══ STORED DATA
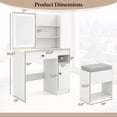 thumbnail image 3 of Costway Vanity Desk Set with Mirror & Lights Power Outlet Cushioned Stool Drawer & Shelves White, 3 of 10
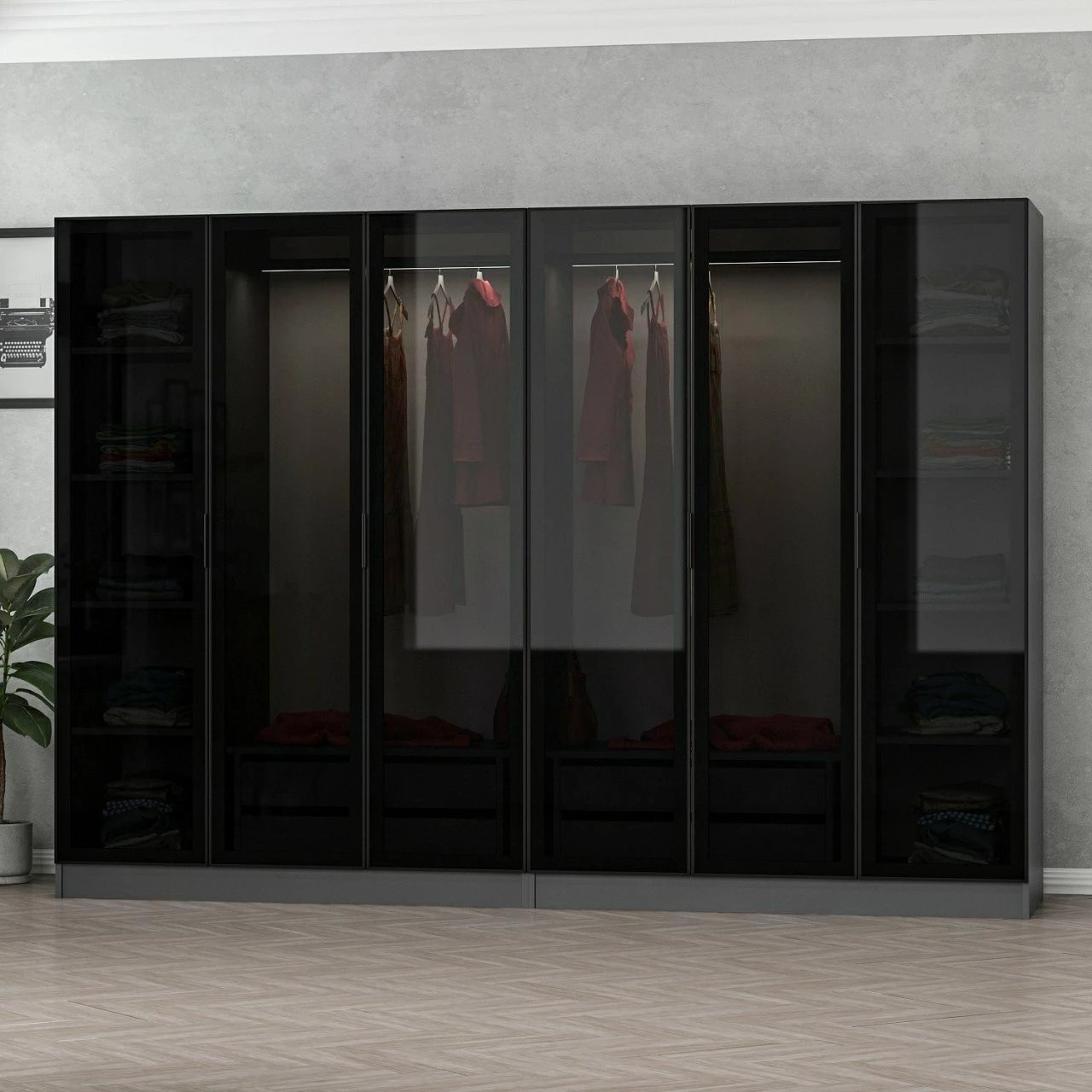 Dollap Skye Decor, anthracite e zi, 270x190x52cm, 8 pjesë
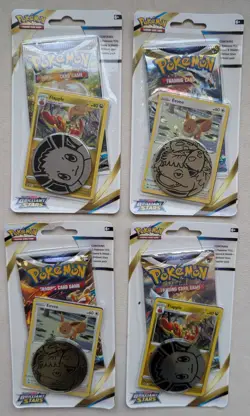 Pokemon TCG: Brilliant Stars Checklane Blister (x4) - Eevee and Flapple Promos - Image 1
════
══ STORED DATA
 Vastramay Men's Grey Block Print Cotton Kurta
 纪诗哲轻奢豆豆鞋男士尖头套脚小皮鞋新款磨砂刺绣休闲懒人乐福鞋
════
══ STORED DATA
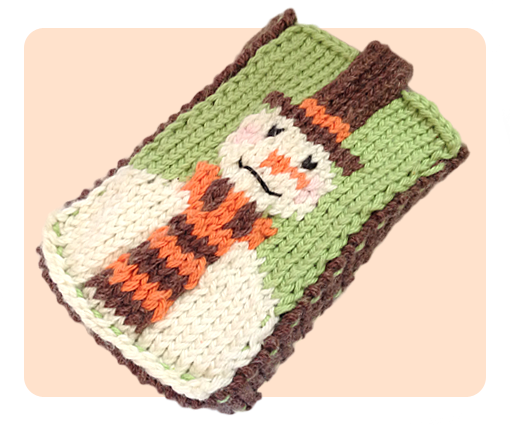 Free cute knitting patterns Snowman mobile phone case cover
════
● **HOW TO COMPLETE THIS TASK**: Go back to the listing above. Copy word for word the lines from the one with "Vastramay Men's Grey" through the one with "纪诗哲轻奢豆豆鞋男士尖头套脚小皮鞋新款磨砂刺绣休闲懒人乐福鞋", and nothing more.

● **EXERCISE OUTPUT**:
 Vastramay Men's Grey Block Print Cotton Kurta
 纪诗哲轻奢豆豆鞋男士尖头套脚小皮鞋新款磨砂刺绣休闲懒人乐福鞋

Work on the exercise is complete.